Early Origins of the Drinnen family
Galway (Irish: Gaillimh) part of the province of Connacht, located on the west coast of the Island, and County Clare where O'Drennan was chief of Slieve Eise, Finn, and of Cinel-Seudna, a district on the borders of both counties.
Early History of the Drinnen family
Another 224 words (16 lines of text) covering the years 1696 and 1768 are included under the topic Early Drinnen History in all our PDF Extended History products and printed products wherever possible.
Drinnen Spelling Variations
Ireland was not standardized in the Middle Ages. Therefore, one's name was often recorded under several different spellings during the life of its bearer. Spelling variations revealed in the search for the origins of the Drinnen family name include Drennan, O'Drennan, Drenan, O'Drenan, Thornton and many more.
Early Notables of the Drinnen family (pre 1700)
Another 34 words (2 lines of text) are included under the topic Early Drinnen Notables in all our PDF Extended History products and printed products wherever possible.
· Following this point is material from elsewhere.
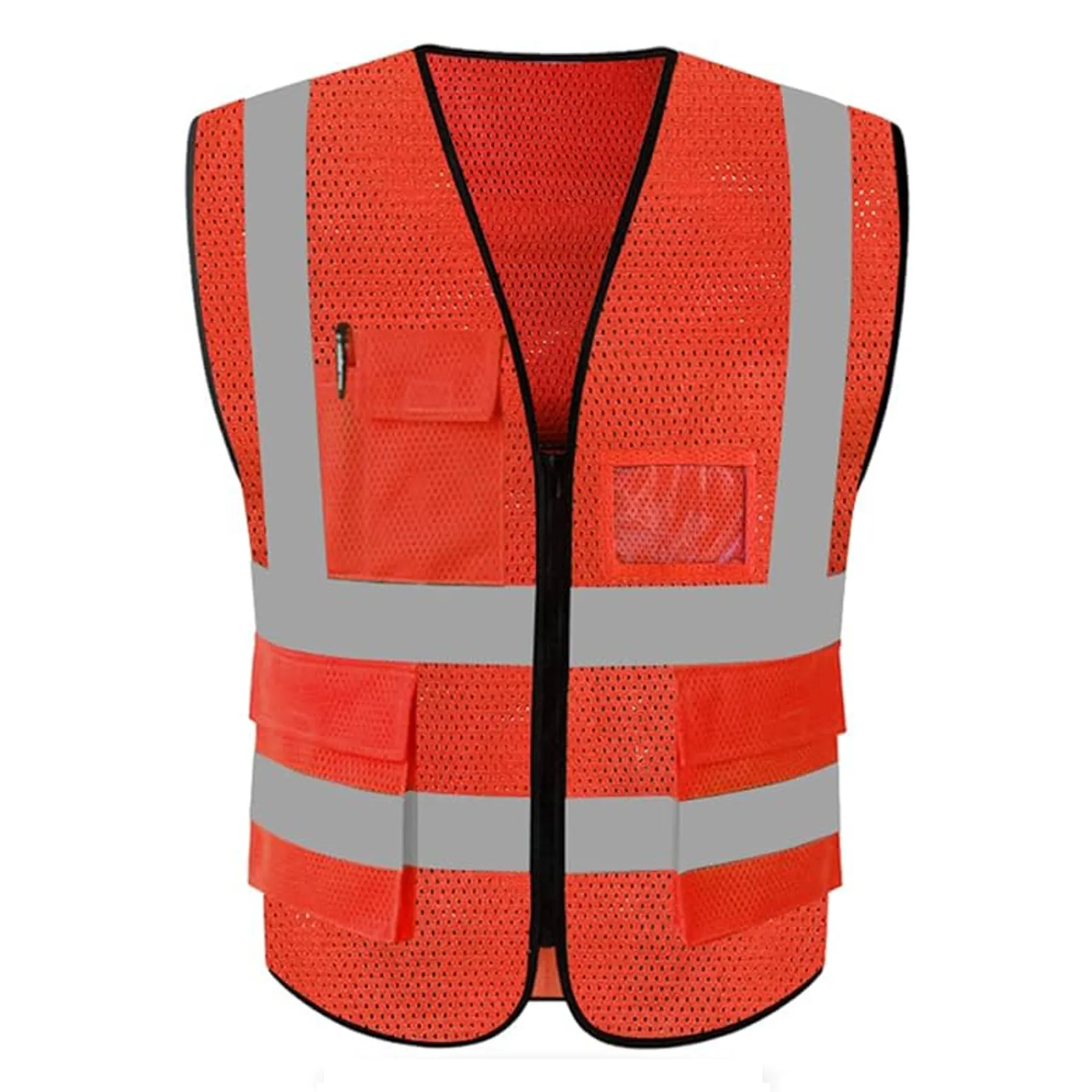 Safety High Visibility Reflective Vest 7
Migration of the Drinnen family to the New World and Oceana
Death and immigration greatly reduced Ireland's population in the 19th century. For the native Irish people poverty, hunger, and racial prejudice was common. Therefore, thousands left their homeland to seek opportunity in North America. Those who survived the journey and the quarantine camps to which they arrived, were instrumental towards building the strong developing nations of the United States and the future Canada. By far, the largest influx of Irish settlers occurred with Great Potato Famine during the late 1840s. These were employed as construction or factory workers. An examination of passenger and immigration lists has shown early immigrants bearing the name Drinnen: William Drennan who settled in New Jersey in 1685; James Drennan settled in New York State in 1803; Michael Drennan settled in Philadelphia in 1856; Edward Thorneton settled in Virginia in 1663.
The Drinnen Motto
The motto was originally a war cry or slogan. Mottoes first began to be shown with arms in the 14th and 15th centuries, but were not in general use until the 17th century. Thus the oldest coats of arms generally do not include a motto. Mottoes seldom form part of the grant of arms: Under most heraldic authorities, a motto is an optional component of the coat of arms, and can be added to or changed at will; many families have chosen not to display a motto.
Motto: Nec opprimere nec opprimi
Motto Translation: Neither to oppress nor to be oppressed.